A síntese cronológica que apresentamos de seguida pretende recordar as principais datas que
marcaram o percurso do poeta e que, de forma decisiva, contribuíram para muitas das suas
opções temáticas e até estilísticas.
Síntese Cronológica de Luís de Camões
1524 ou 1525 Nascimento.
1540 Desterro para Constância (provavelmente por motivos amorosos).
1548 Partida para Ceuta.
1549-1551 Participação numa expedição ao Norte de África, onde, por envolvimento
numa batalha, perdeu o olho direito.
1552 De regresso a Lisboa, envolve-se numa luta e acaba por ser preso.

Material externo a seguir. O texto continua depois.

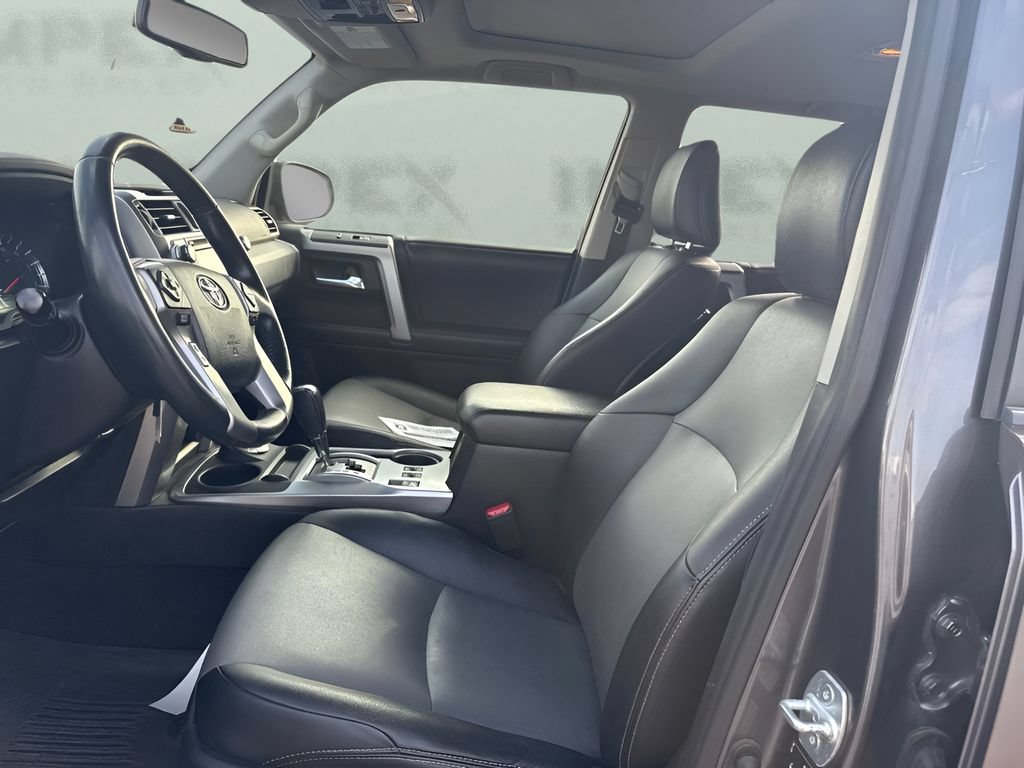 Used 2018 Toyota 4Runner SR5 Premium AWD/4WD image 7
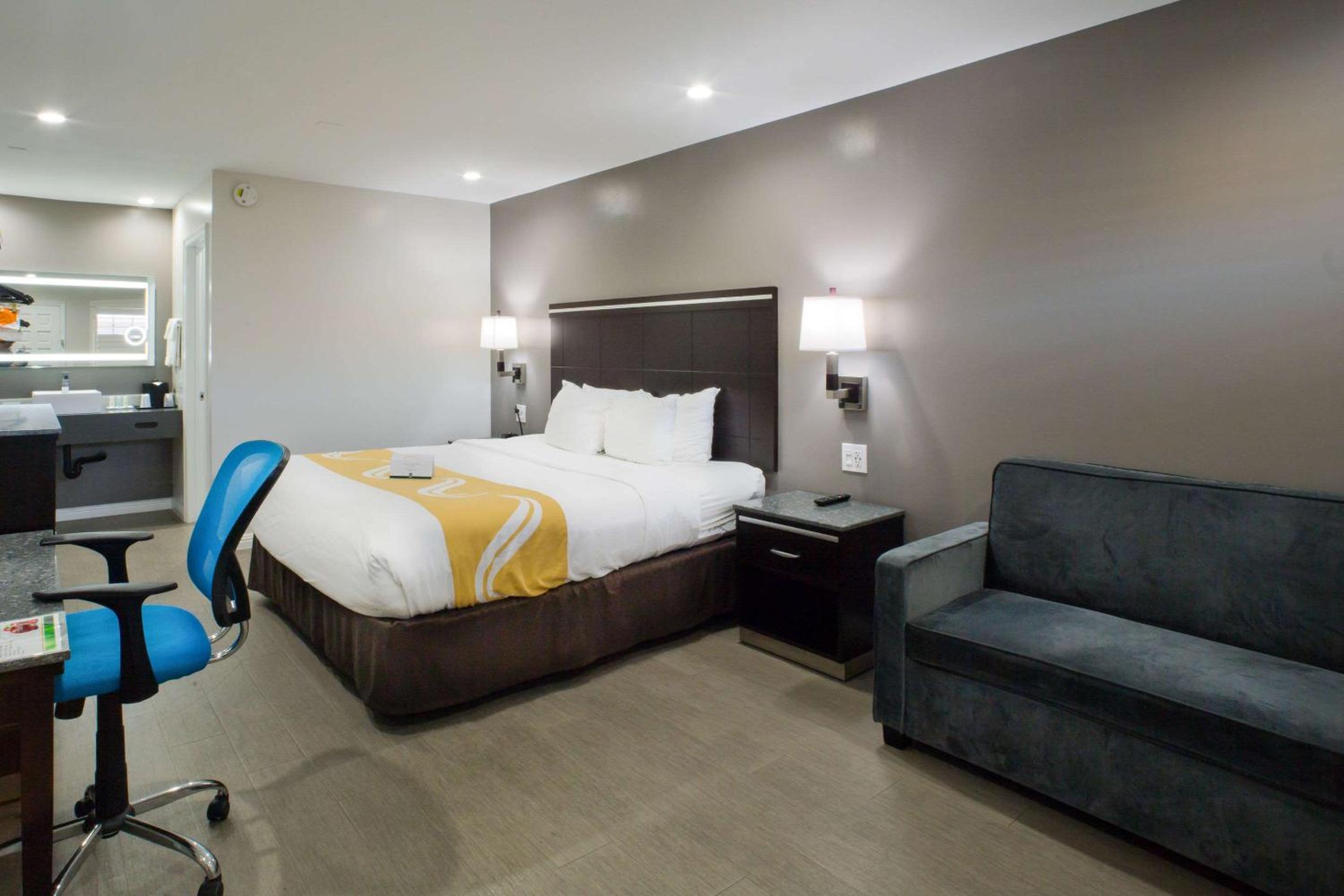 Standard King Room - Non-Smoking  - Photo 7
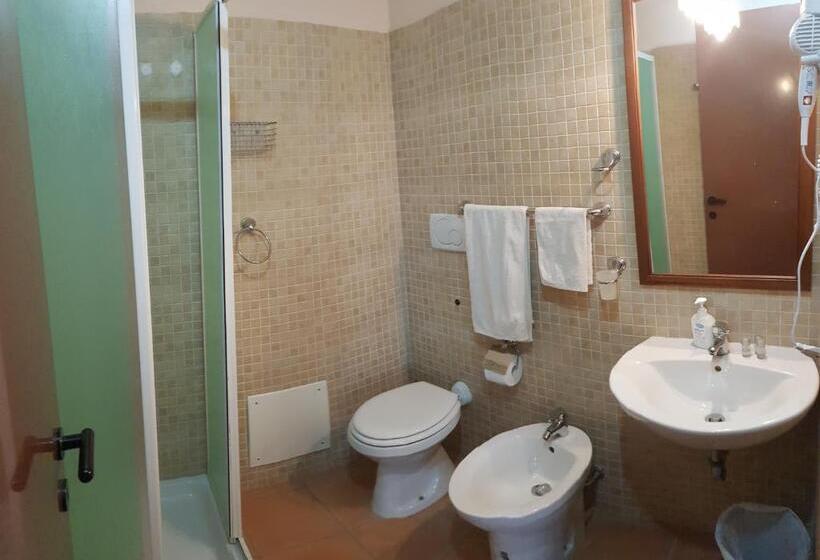 スタンダードスタジオ, Agriturismo Petra Lucana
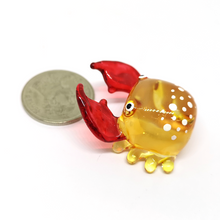 Load image into Gallery viewer, New Tiny Glass Cute Crab Red
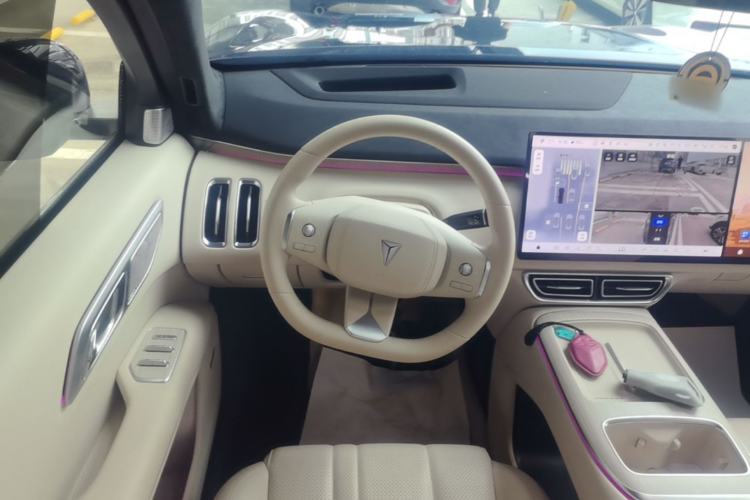 Used Deepal S09 2025 Four-Wheel Drive Ultra+ Custom Edition Steering Wheel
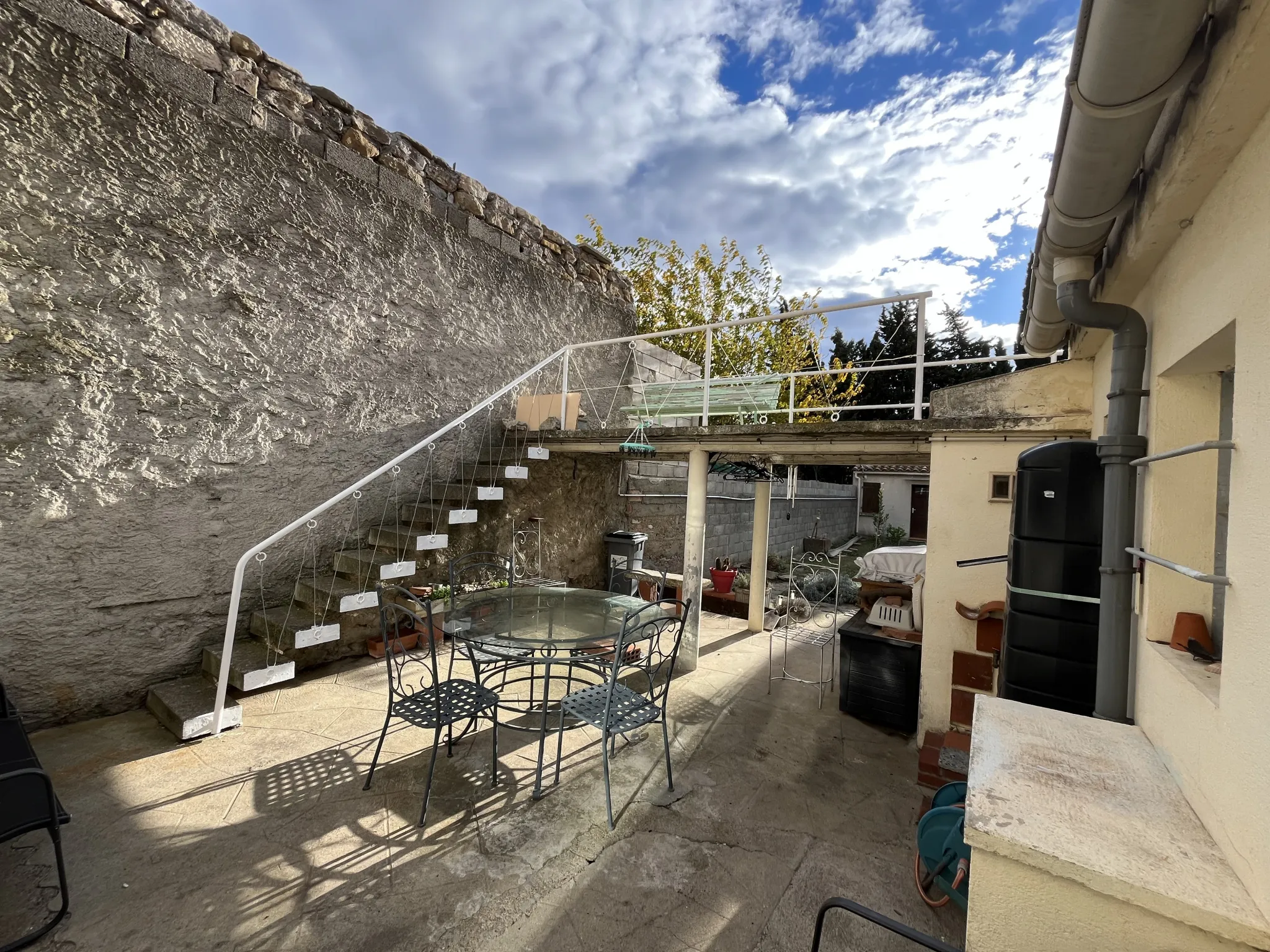 Maison de plain-pied avec jardin et garage à Lezignan-Corbieres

1553 Já em liberdade, parte para a Índia por mandado do rei D. João III.
1558 Ano provável do célebre naufrágio em que salva Os Lusíadas a nado.
1567 Estadia em Moçambique.
1569 Regressa a Portugal (a viagem é custeada por amigos vários).
1572 Publicação de Os Lusíadas.
1575 O rei D. Sebastião atribui-lhe uma tença anual de quinze mil reis.
1580 Morre, no dia 10 de junho, sendo sepultado em campa rasa no exterior do
Mosteiro de Santa Ana.
47
2. Síntese de Os Lusíadas
“Estamos desde sempre convictos de que a obra de Camões é lição eterna de Portugueses, e
que nela se contêm exemplos, conceitos e incentivos indispensáveis à formação do carácter e
da consciência da grei.” “É costume dizer-se que Os Lusíadas são a Bíblia da Pátria, ou,
menos retoricamente, o livro nacional por excelência.” 29
Os Lusíadas constituem um texto épico. Este género narrativo, em verso, tem por principal
objetivo a exaltação dos feitos grandiosos de heróis, reais ou lendários, que sejam parte
integrante de um povo, exemplo máximo das suas tradições e da sua história.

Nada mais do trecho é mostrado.